Records supplied section start
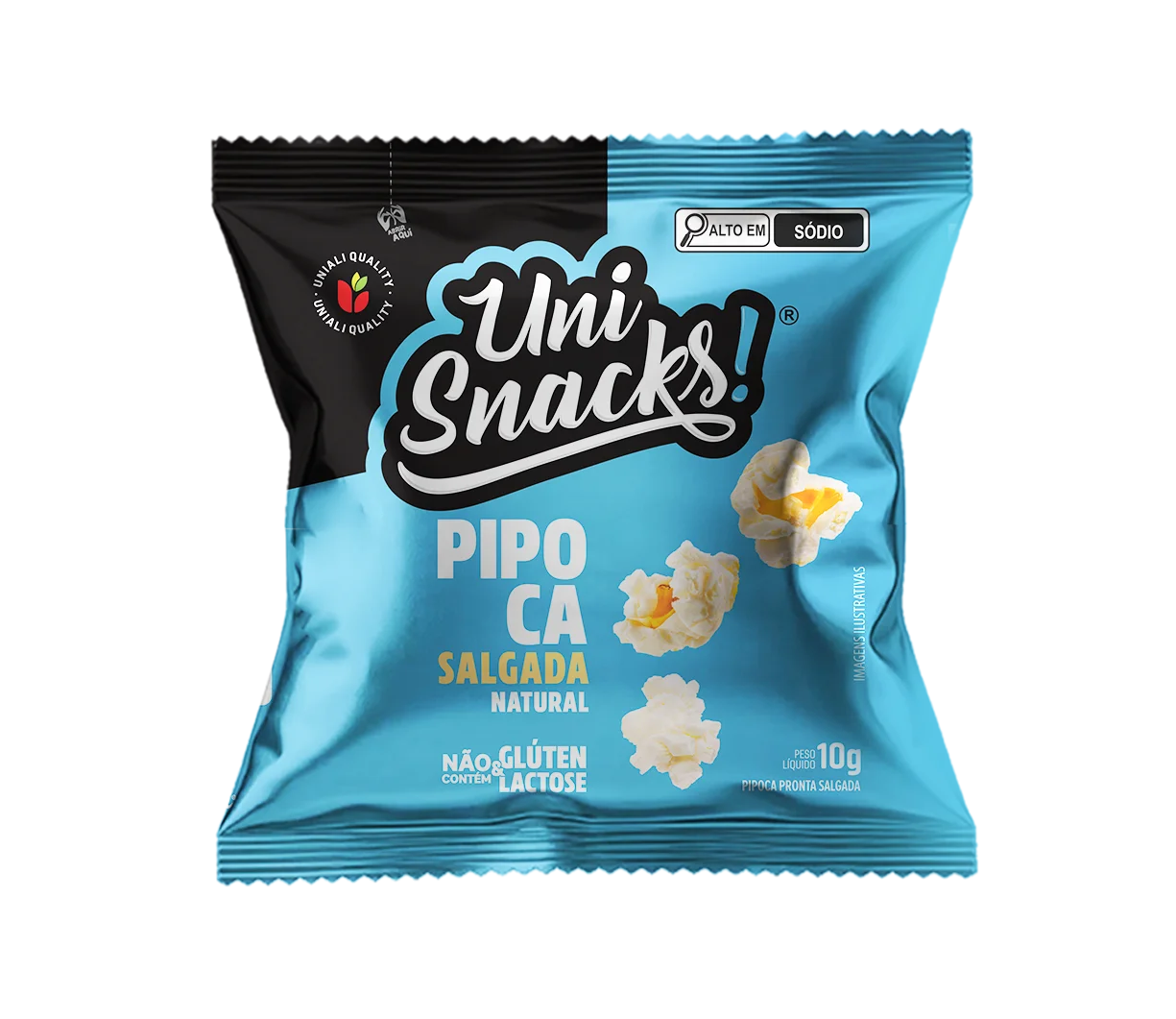 Pipoca Salgada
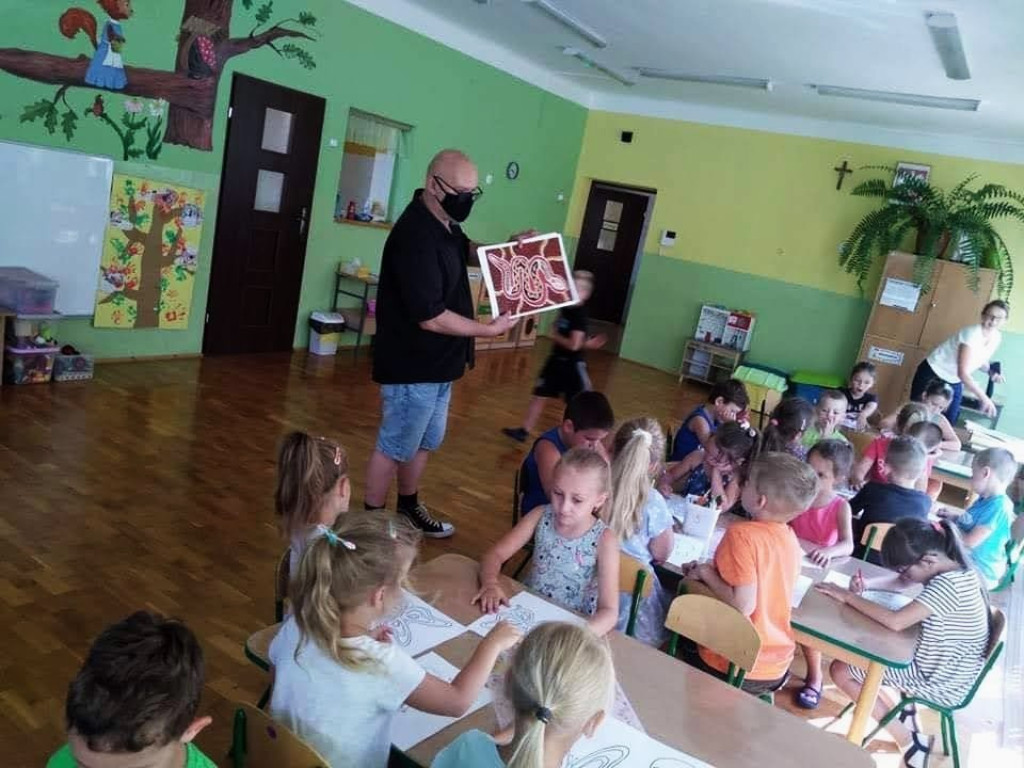 Hrubieszów: Wakacyjny dyżur w Przedszkolu nr 2 - ZDJĘCIA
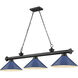 Cordon 3 Light 14.00 inch Billiard Light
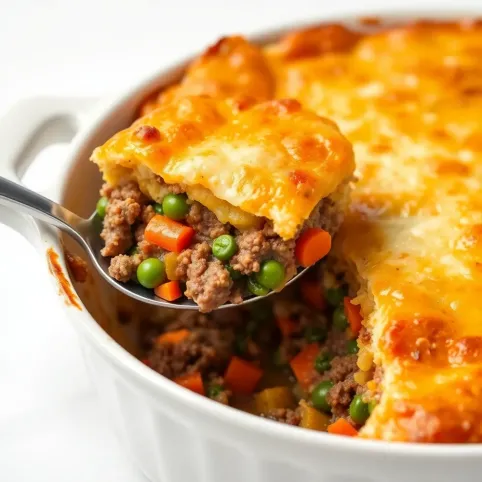 Dietetyczna zapiekanka z mięsem mielonym i warzywami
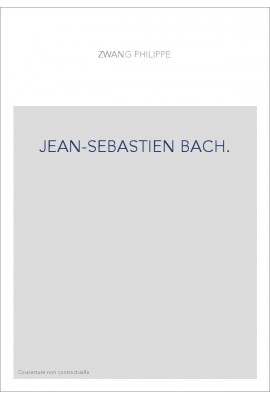 JEAN-SEBASTIEN BACH.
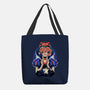 Snow Princess Flower Face-None-Basic Tote-Bag-rmatix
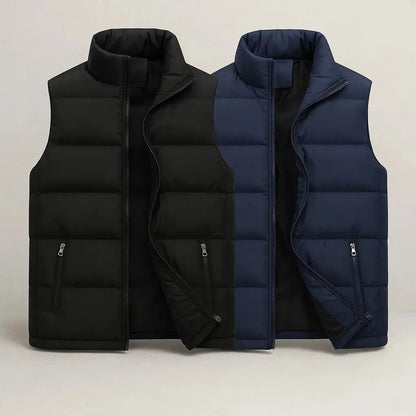Fall Sleeveless Vest – Winter & Autumn Casual Zipper Waistcoat | Shopulia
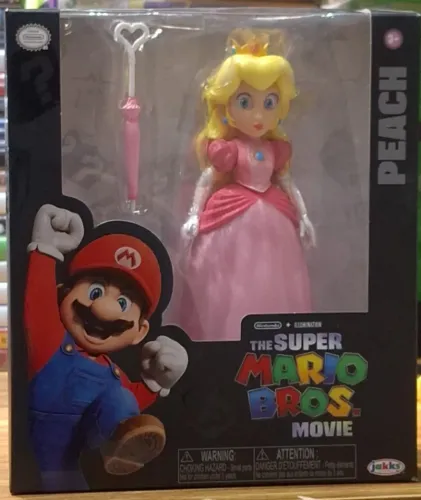 Action Figure Princesa Peach Oficial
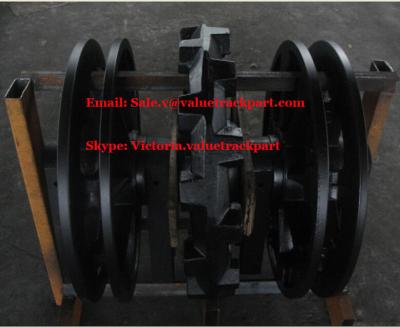 China IHI Crawler Crane CCH250W Front Idler Assy for sale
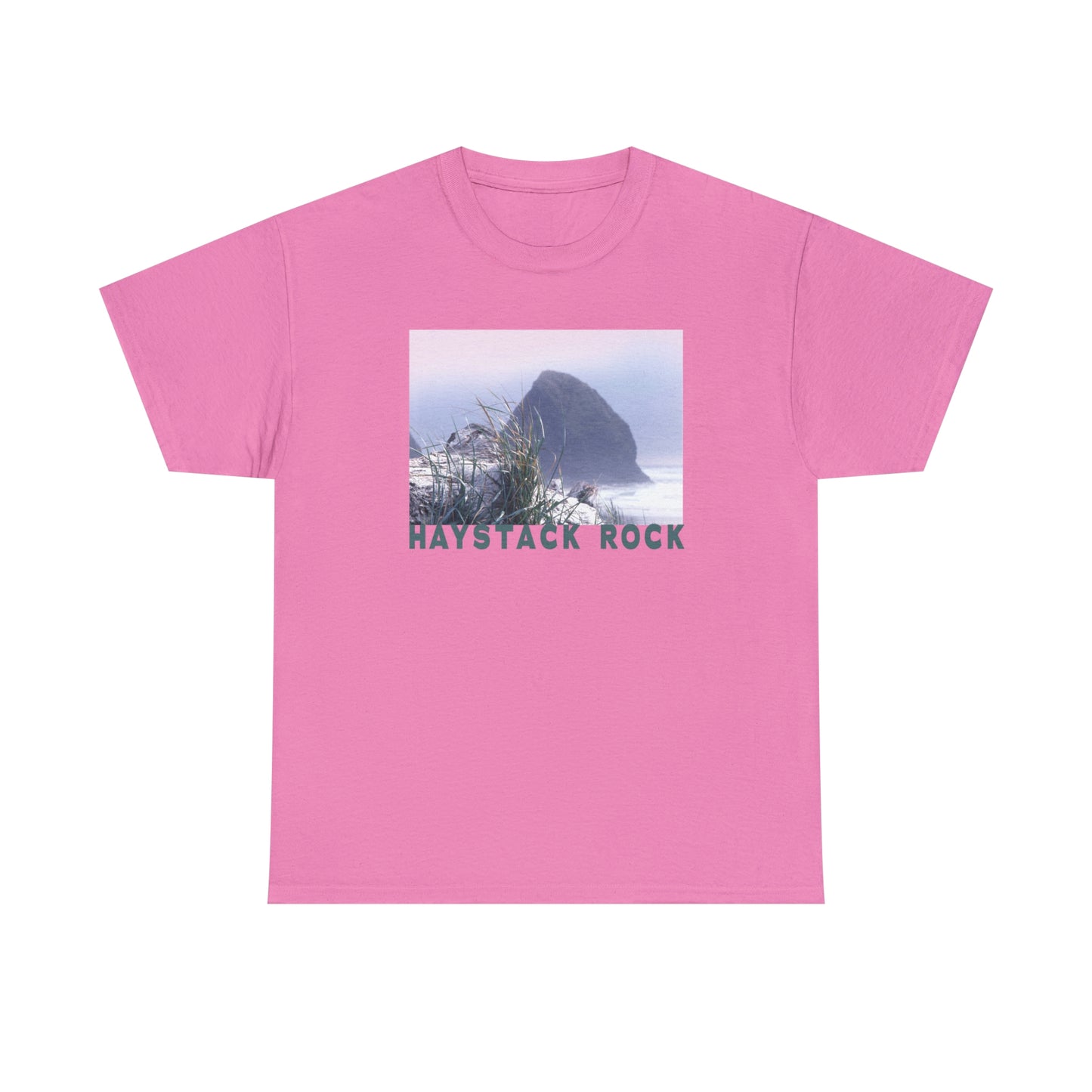 Haystack Rock, Unisex Heavy Cotton Tee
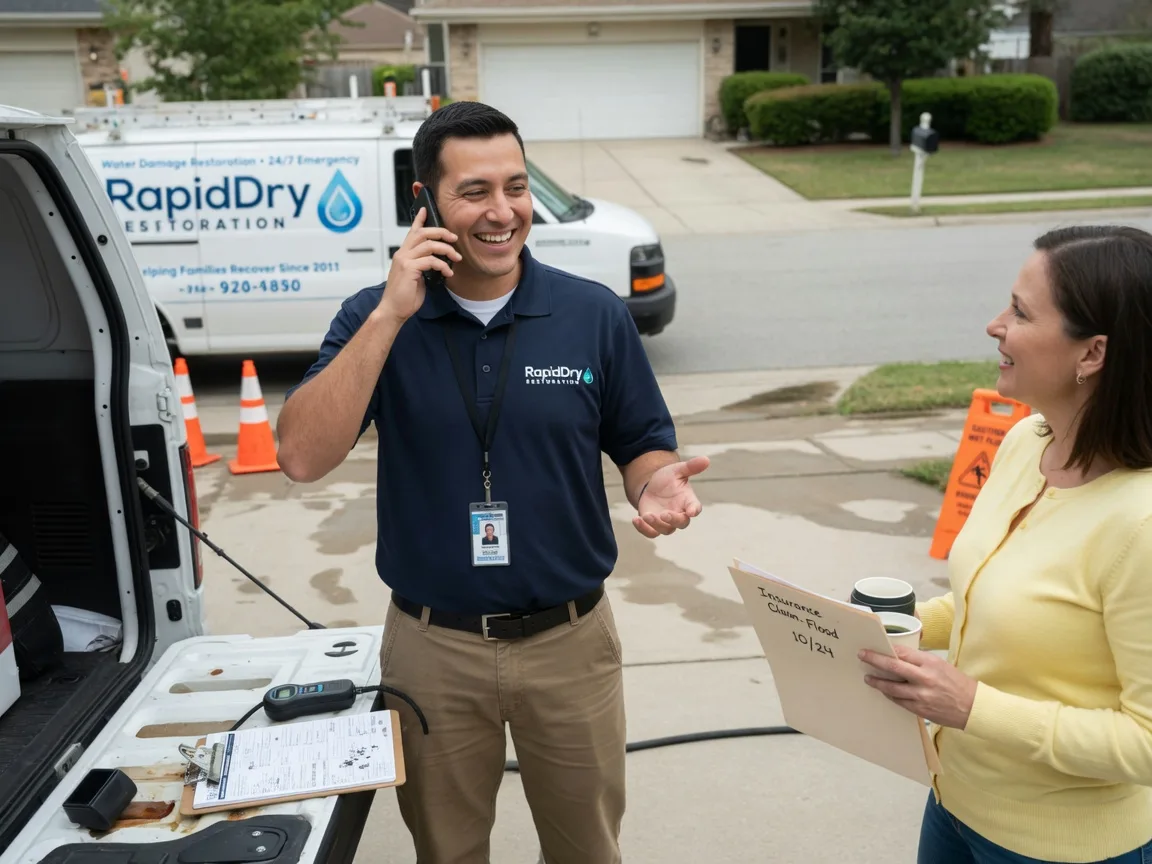 Water Damage Restoration White Hall, MD FAQs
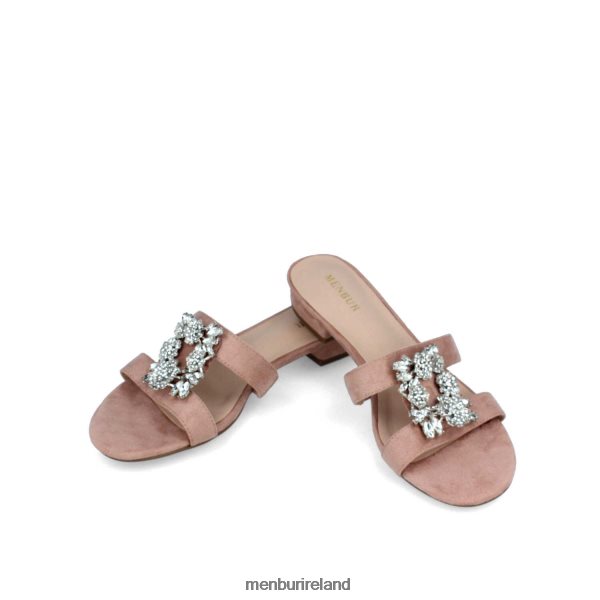 Casual Chic Shoe Menbur BOSCORIVA MAKE-UP PINK Women V2BVJZ3150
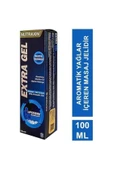 Nutraxin Extra Gel Aromatik Yağlar Içeren Masaj Jel Krem 100 ml thumbnail 2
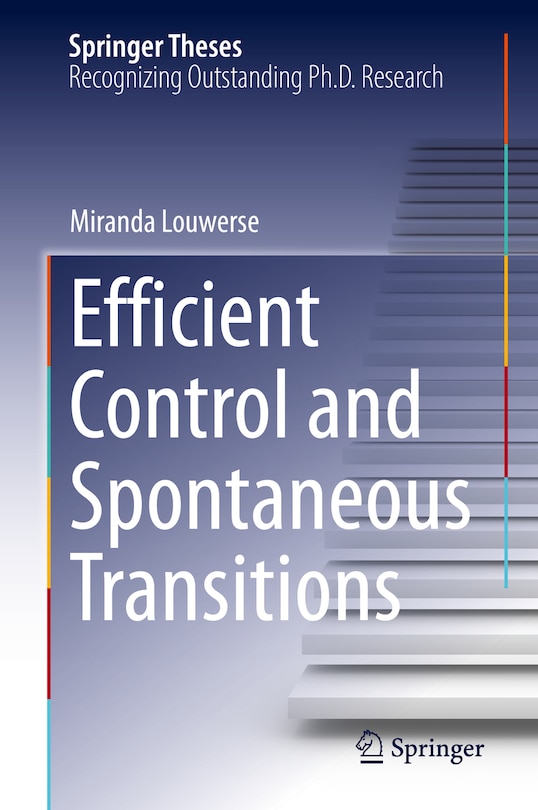 Couverture_Efficient Control and Spontaneous Transitions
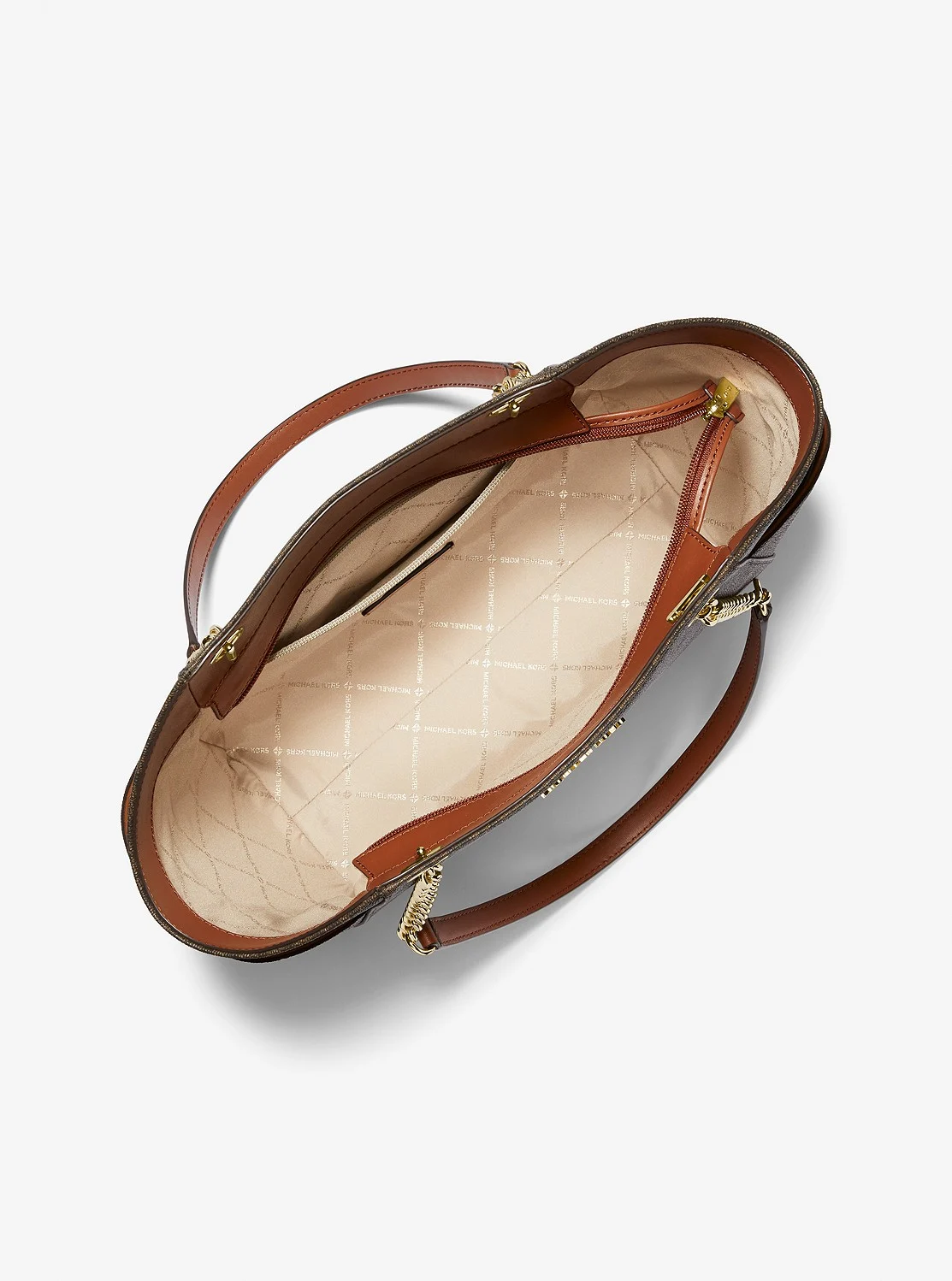 Michael Kors JET SET ショルダーバッグ ラージ - MKシグネチャー - Image 2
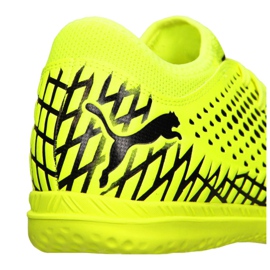 Botas de fútbol Puma Future 4.4 It M 105691-03 amarillo amarillo 3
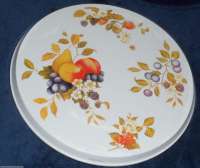 _ Fruit on White Round Metal Burner Covers _ Fruit on White Round Metal Burner Covers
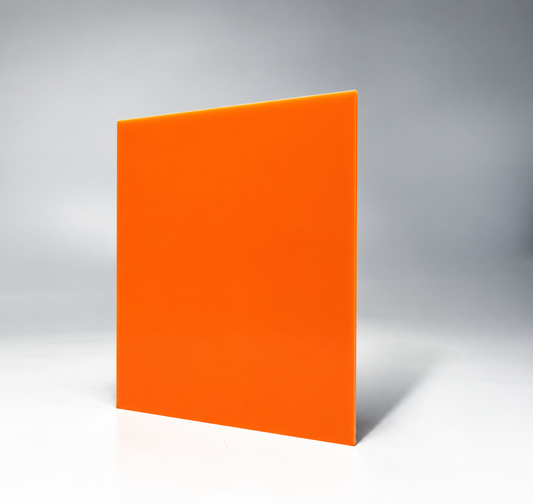 Orange 266 Acrylic Sheet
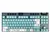 Imagem do Keycaps Gamer Verde Menta – Compatível com Logitech G915/G913/G815 RGB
Records supplied section end
(Description of the task) Omit each picture, then return all of the listing exactly as it stands.

(Solved exercise)
 Pipoca Salgada
 Hrubieszów: Wakacyjny dyżur w Przedszkolu nr 2 - ZDJĘCIA
 Cordon 3 Light 14.00 inch Billiard Light
 Dietetyczna zapiekanka z mięsem mielonym i warzywami
 JEAN-SEBASTIEN BACH.
 Snow Princess Flower Face-None-Basic Tote-Bag-rmatix
Fall Sleeveless Vest – Winter & Autumn Casual Zipper Waistcoat | Shopulia
 Action Figure Princesa Peach Oficial
 China IHI Crawler Crane CCH250W Front Idler Assy for sale
 Haystack Rock, Unisex Heavy Cotton Tee
 Water Damage Restoration White Hall, MD FAQs
 Casual Chic Shoe Menbur BOSCORIVA MAKE-UP PINK Women V2BVJZ3150
 Nutraxin Extra Gel Aromatik Yağlar Içeren Masaj Jel Krem 100 ml thumbnail 2
 Couverture_Efficient Control and Spontaneous Transitions
 Michael Kors JET SET ショルダーバッグ ラージ - MKシグネチャー - Image 2
 Botas de fútbol Puma Future 4.4 It M 105691-03 amarillo amarillo 3
 _ Fruit on White Round Metal Burner Covers _ Fruit on White Round Metal Burner Covers
 Orange 266 Acrylic Sheet
 Imagem do Keycaps Gamer Verde Menta – Compatível com Logitech G915/G913/G815 RGB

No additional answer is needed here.